* [SUPPLIED DATA]:
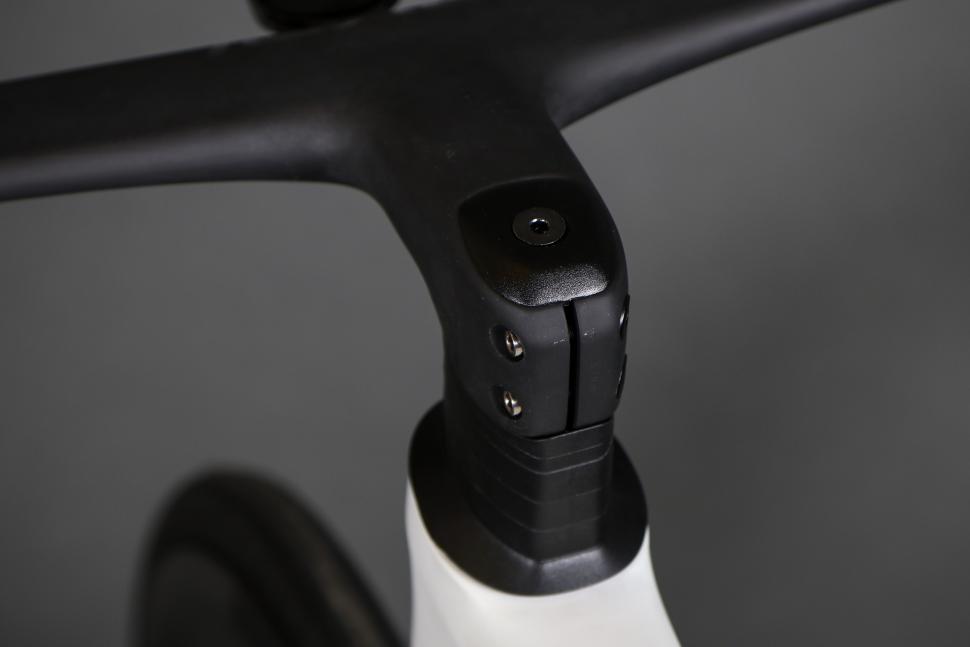 2023 Specialized S-Works Tarmac SL8 - SRAM Red eTap AXS - stem.jpg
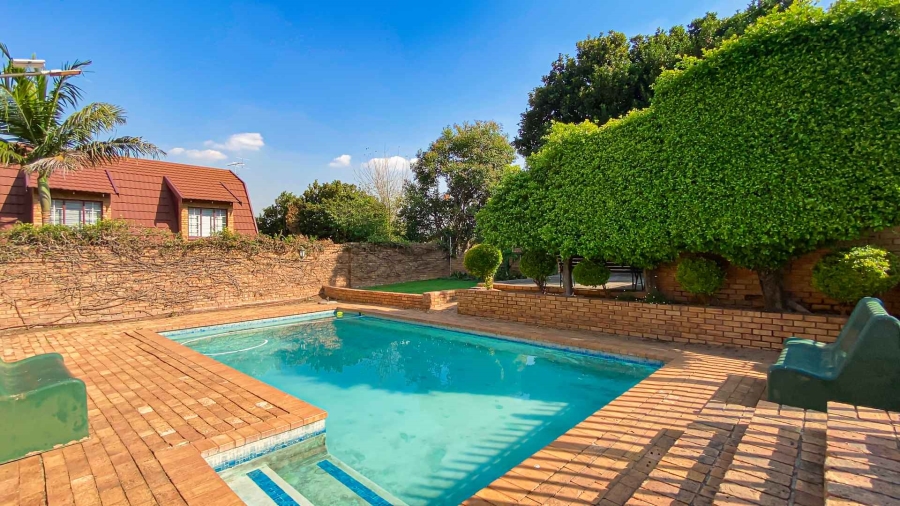 2 Bedroom Property for Sale in Boskruin Gauteng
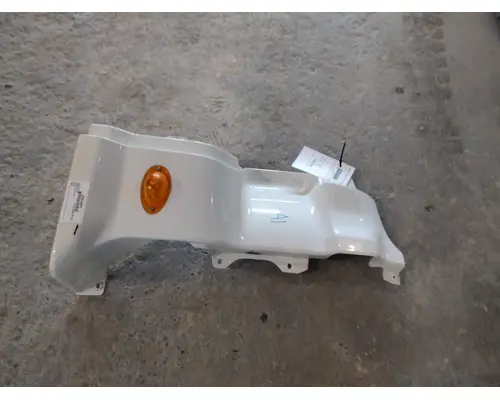 FREIGHTLINER CASCADIA 113 COWL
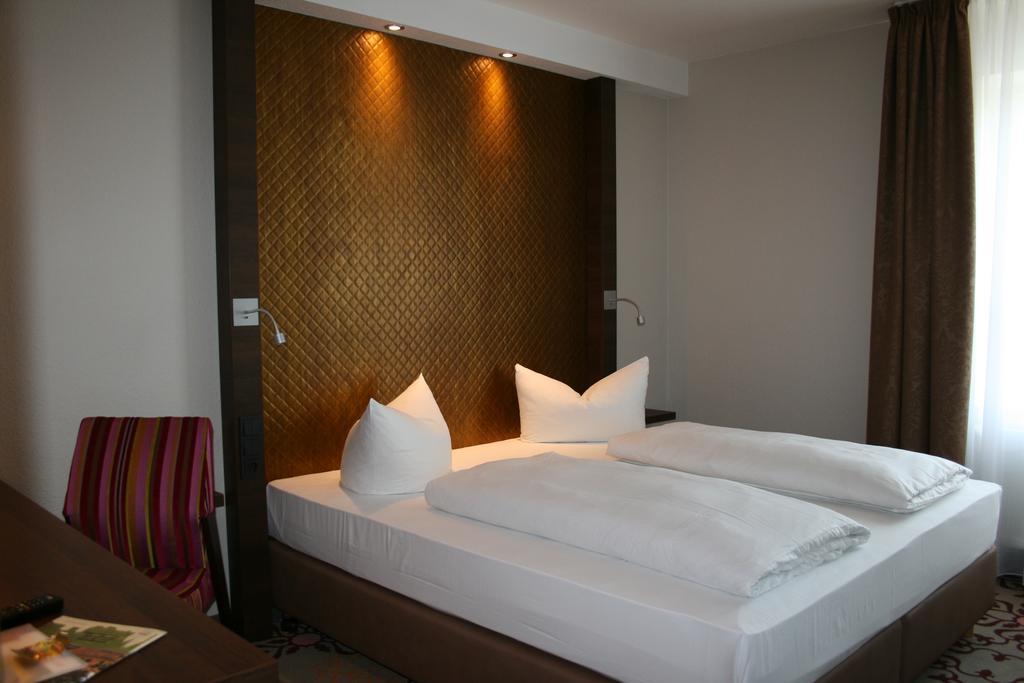 Hotel Parqeo Im A66 Gelnhausen Kültér fotó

* [WHAT THE TASK ASKS]: With the pictures removed, write out exactly the lines from the line containing "2 Bedroom Property" through the last line of the material above, both included.

* [TASK SOLUTION]:
 2 Bedroom Property for Sale in Boskruin Gauteng
 FREIGHTLINER CASCADIA 113 COWL
 Hotel Parqeo Im A66 Gelnhausen Kültér fotó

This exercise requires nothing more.